EXERCISE DATA:
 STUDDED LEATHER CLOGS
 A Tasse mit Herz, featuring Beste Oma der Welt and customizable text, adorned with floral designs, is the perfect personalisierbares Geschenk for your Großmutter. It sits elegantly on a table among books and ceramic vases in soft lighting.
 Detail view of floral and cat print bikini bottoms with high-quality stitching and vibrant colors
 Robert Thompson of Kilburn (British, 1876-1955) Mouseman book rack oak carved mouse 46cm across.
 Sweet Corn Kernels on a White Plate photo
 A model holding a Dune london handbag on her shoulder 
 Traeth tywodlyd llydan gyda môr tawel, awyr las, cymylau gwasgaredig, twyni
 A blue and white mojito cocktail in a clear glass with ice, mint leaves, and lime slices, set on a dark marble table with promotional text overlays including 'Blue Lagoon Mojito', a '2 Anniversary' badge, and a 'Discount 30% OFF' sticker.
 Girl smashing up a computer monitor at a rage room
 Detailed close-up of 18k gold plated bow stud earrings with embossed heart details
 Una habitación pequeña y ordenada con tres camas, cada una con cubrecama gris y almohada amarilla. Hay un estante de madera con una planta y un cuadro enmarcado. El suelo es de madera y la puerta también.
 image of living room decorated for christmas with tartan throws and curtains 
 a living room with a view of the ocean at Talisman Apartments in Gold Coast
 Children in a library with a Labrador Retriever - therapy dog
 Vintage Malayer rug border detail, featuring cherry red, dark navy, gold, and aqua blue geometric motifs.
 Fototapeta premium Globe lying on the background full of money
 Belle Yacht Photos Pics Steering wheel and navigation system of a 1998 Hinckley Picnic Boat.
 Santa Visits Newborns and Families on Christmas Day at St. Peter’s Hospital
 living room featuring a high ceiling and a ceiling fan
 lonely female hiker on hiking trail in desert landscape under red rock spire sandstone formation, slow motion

INSTRUCTIONS FOR THE TASK:
Only the lines from the one containing "Vintage Malayer rug" through the end of the material should be reproduced, exactly, with both ends included.

EXERCISE OUTPUT:
 Vintage Malayer rug border detail, featuring cherry red, dark navy, gold, and aqua blue geometric motifs.
 Fototapeta premium Globe lying on the background full of money
 Belle Yacht Photos Pics Steering wheel and navigation system of a 1998 Hinckley Picnic Boat.
 Santa Visits Newborns and Families on Christmas Day at St. Peter’s Hospital
 living room featuring a high ceiling and a ceiling fan
 lonely female hiker on hiking trail in desert landscape under red rock spire sandstone formation, slow motion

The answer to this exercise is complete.